- Associated Press - Wednesday, May 27, 2020

SANTA FE, N.M. (AP) - New Mexico is deciding on final contenders in open races for a U.S. Senate seat and a congressional slot that last changed hands a dozen years ago.

The retirement of Sen. Tom Udall, scion of an Arizona ranching family and son of former Interior Secretary and conservationist Stewart Udall, has thrown open a window of opportunity for U.S. Rep. Ben Ray Luján, the presumptive Democratic Senate nominee in the increasingly blue state.

Members of the Udall family, once referred to as the “Kennedy’s of the West,” have served in Arizona’s territorial legislature and on its Supreme Court, and in two U.S. Cabinets.

Luján’s imminent departure from the northern 3rd District House seat has set off a free-for-all in that seven-way Democratic primary. Candidates include former CIA operative Valerie Plame and several candidates with deep-rooted connections to Hispanic political traditions and Native American communities.

Plame brought pizzazz to the race with campaign ads involving daredevil driving maneuvers and a newsreel-style montage of her thwarted undercover career aimed at keeping nukes from terrorists.

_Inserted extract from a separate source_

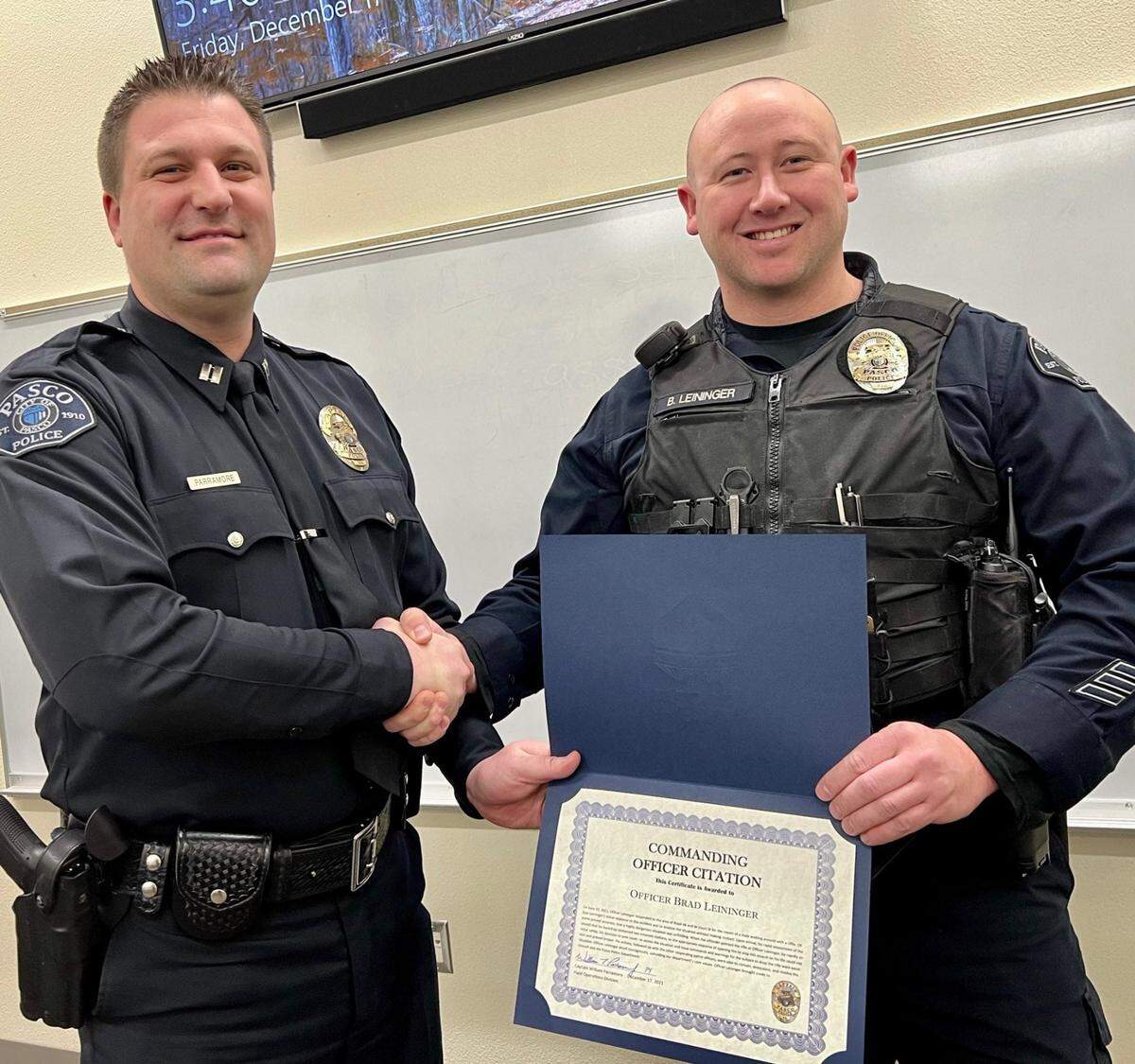 Capt. Bill Parramore presented Officer Richard “Brad” Leininger with a citation for a June 20 incident where he had an Ak-47 pointed at him.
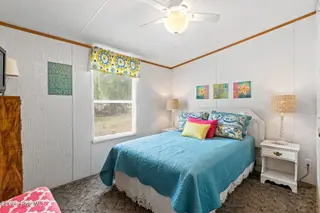 7203 Banner Street SW, Ocean Isle Beach, NC 28469 — 3-bedroom manufactured home in Seaside Heights, Ocean Isle Beach, NC, photo 19 of 38: Third Bedroom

Her covert identity was exposed shortly after her diplomat husband disputed U.S. intelligence used to justify the 2003 Iraq invasion.

Attorney Teresa Leger Fernandez, a professional advocate for Native American pueblo communities and voting rights issues, is the clear favorite among party delegates and national advocacy groups for progressive causes from abortion rights to the humane treatment of animals.

Campaign ads show Leger Fernandez working with a shovel alongside men in jeans to repair an irrigation ditch - an homage to New Mexico’s peculiar politics of water and centuries-old history of elected acequia irrigation-district leaders.

Registered Democrats outnumber Republicans nearly 2-1 in the district that was a political springboard for Udall and former Gov. Bill Richardson, a former Energy Department secretary and U.S. ambassador to the United Nations.

Lonna Atkeson, a University of New Mexico political science professor, says some voters will seize on Plame’s experience in Washington as a quick avenue to influence for the district. Ethnicity and geography also weigh heavily in the fractured race.

“All of them have the same underlying values and are going to pursue generally the same kinds of policies,” Atkeson said.

Three other contenders with Latino roots and election-tested constituencies are running - progressive Santa Fe-based District Attorney Marco Serna, two-time Sandoval County Treasurer Laura Montoya, and rural electrical cooperative leader and state Rep. Joseph Sanchez.

Sanchez advocates for greater restrictions on abortion. Environmental attorney Kyle Tisdel, another contender, wants to steer New Mexico away from carbon-intensive coal and oil industries.

The final weeks of the campaign have veered into recriminations about the influence of out-of-state donations and untraceable dark-money advertising. One paid video ad on Facebook and Instagram from a group with anonymous contributors involves swastikas and describes Plame as a “disgraced racist millionaire.”

Plame has repeatedly apologized for sharing on Twitter in 2017 an article with anti-Semitic expressions, insisting that she opposes anti-Semitism and prejudice in every form.

Another candidate, John Blair, a former Interior Department official during the Obama administration, has seized on the uproar and separate ads favoring Leger Fernandez to condemn the influence of secretive political spending.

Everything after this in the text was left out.